TLM-1: Temporal Language Model
TLM-1 is a BERT-style transformer that explicitly models language as a temporal process. Unlike traditional language models that treat training documents as simultaneous, TLM-1 jointly learns to predict document contents and classify document dates, capturing how vocabulary and meanings evolve over time.
Model Description
TLM-1 was trained on the **Corpus of Contemporary American English (COCA)**—750 million words spanning 1990-2019—enabling analysis of temporal trends in American English across three decades.

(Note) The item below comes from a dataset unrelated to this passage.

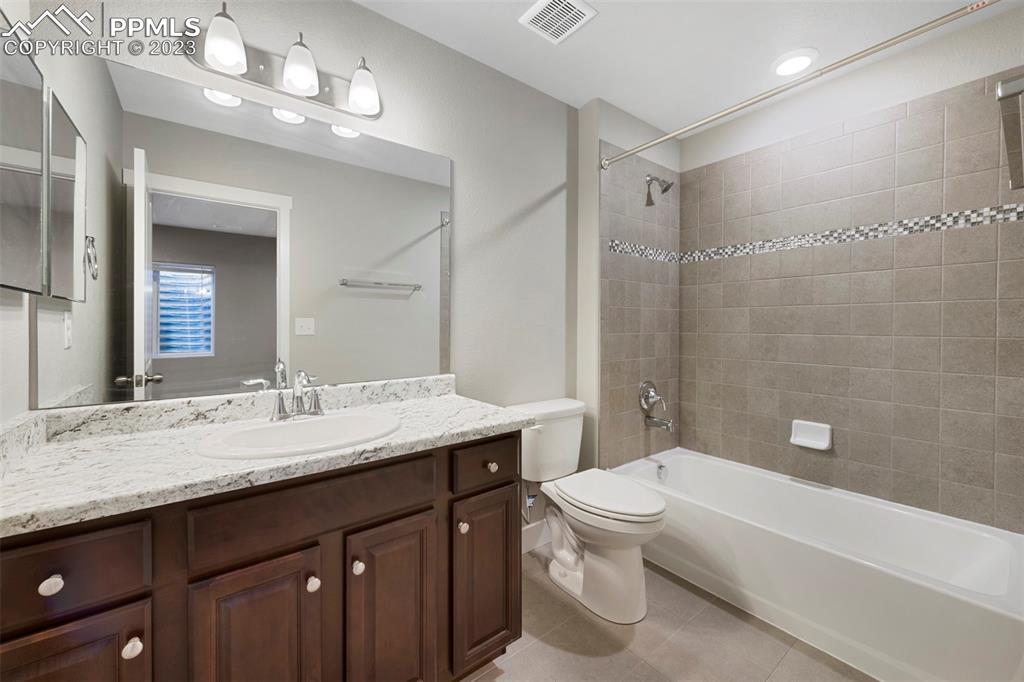 Listing 7123860, Image 37 of 44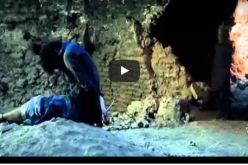 داعش ينشر مقطع فيديو جديد لأطفال يعدمون رهائن في سوريا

The model introduces 30 special time tokens ([YEAR:1990] through [YEAR:2019]) that allow conditioning generation on specific time periods and analyzing how language use shifts across years.
Key Features
- Temporal conditioning: Generate or analyze text as it would appear in any year from 1990-2019
- Semantic drift detection: Track how word meanings change over time
- Bayesian query formulation: Counteract training biases using Bayes factors for rigorous temporal analysis
Usage
from transformers import AutoModelForMaskedLM, AutoTokenizer
import torch
import torch.nn.functional as F
model = AutoModelForMaskedLM.from_pretrained("bstadt/tlm-1")
tokenizer = AutoTokenizer.from_pretrained("bstadt/tlm-1")
model.eval()
Bayesian Query Formulation
Raw fill probabilities from the model are biased by training data frequencies. For example, "Obama" dominates naive predictions for "President [MASK]" across all years because he appears most frequently in COCA. Our Bayesian Query Framework corrects for this anachronism:
(See our technical report for the full derivation)

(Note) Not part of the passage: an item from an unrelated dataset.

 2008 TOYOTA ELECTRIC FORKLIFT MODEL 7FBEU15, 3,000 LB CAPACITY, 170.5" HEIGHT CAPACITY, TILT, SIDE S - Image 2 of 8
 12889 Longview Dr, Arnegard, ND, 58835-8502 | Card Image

def lyear(phrase, model, tokenizer):
years = list(range(1990, 2020))
year_tokens = [f'[YEAR:{y}]' for y in years]
year_token_ids = [tokenizer.encode(t)[1] for t in year_tokens]
# Mask the year position
input_ids = tokenizer.encode('[MASK] ' + phrase, add_special_tokens=False, return_tensors='pt')
with torch.no_grad():
logits = model(input_ids=input_ids).logits[0][0]

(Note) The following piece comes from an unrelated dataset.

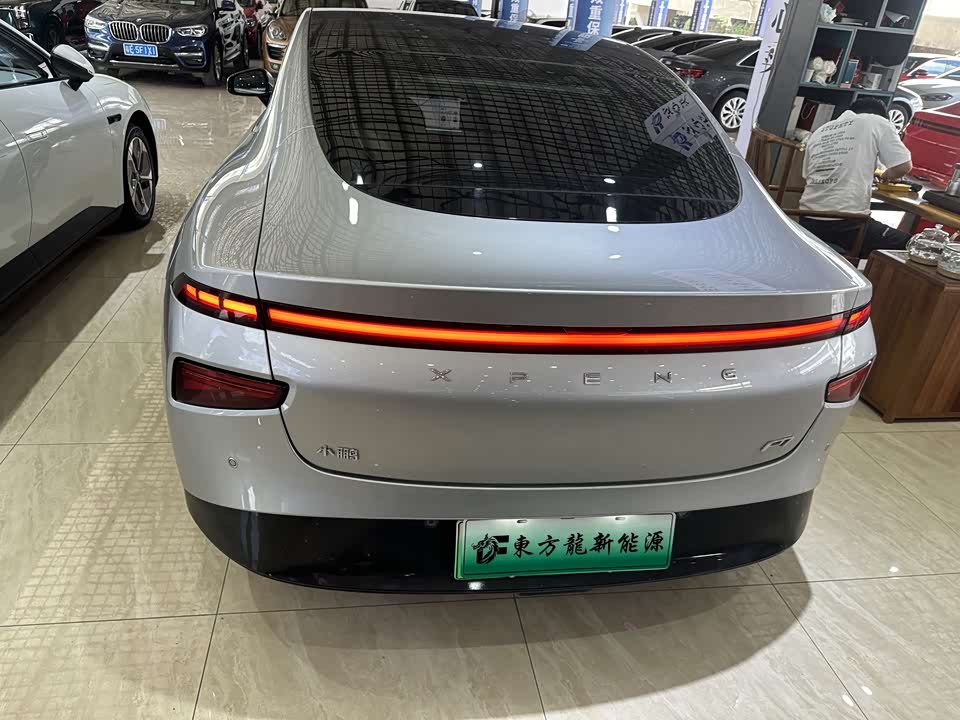 XPENG P7 XPENG P7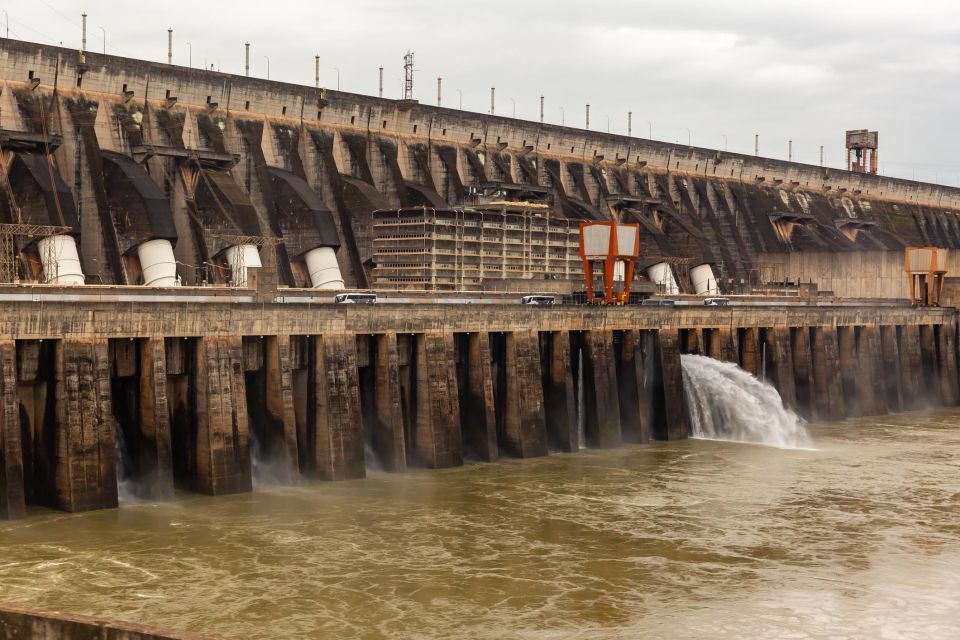 Foz Do Iguaçu: Itaipu Hydroelectric Dam - Importance of Itaipu Dam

year_probs = F.softmax(logits[year_token_ids], dim=0)
return years, year_probs
def bayes_factor(filled_phrase, template_phrase, model, tokenizer):
years, fill_probs = lyear(filled_phrase, model, tokenizer)
_, template_probs = lyear(template_phrase, model, tokenizer)
return years, fill_probs / template_probs
# Example: What is the most likely fill for each year?
template = "President [MASK] made a speech today"
# Candidate fills can be manually specified or surfaced from nontemporal model likelihood
candidates = ["Trump", "Obama", "Bush", "Clinton"]
bayes_factors = {}
for name in candidates:
filled = f"President {name} made a speech today"
years, bf = bayes_factor(filled, template, model, tokenizer)
bayes_factors[name] = bf
# Normalize to get posteriors (Assumes uniform probability over fills)
import numpy as np
all_bf = np.stack([bayes_factors[n].numpy() for n in candidates])
posteriors = all_bf / all_bf.sum(axis=0)
# Result: posteriors now correctly peak during each president's actual term
# Clinton peaks 1992-2000, Bush peaks 2000-2008, Obama peaks 2008-2016, Trump peaks 2016-2019
See eda/bayes.ipynb in the code repository for the complete example with visualizations showing how naive probabilities fail while Bayesian posteriors correctly identify presidential terms.
Training Details
| Parameter | Value |
|---|---|
| Base model | Etin400M |
| Time tokens | 30 (1990-2019) |
| Training data | COCA (750M words) |
| Precision | bf16 |
| Hardware | H100 GPU |
| Batch size | 64 |
| Gradient accumulation | 8 |
| Content masking | Span-based (max length 4) |
| Time token masking | 90% |
Applications
Long-arc analysis: Track monotonic language trends (e.g., sentiment toward the future becoming increasingly negative from 1990-2019)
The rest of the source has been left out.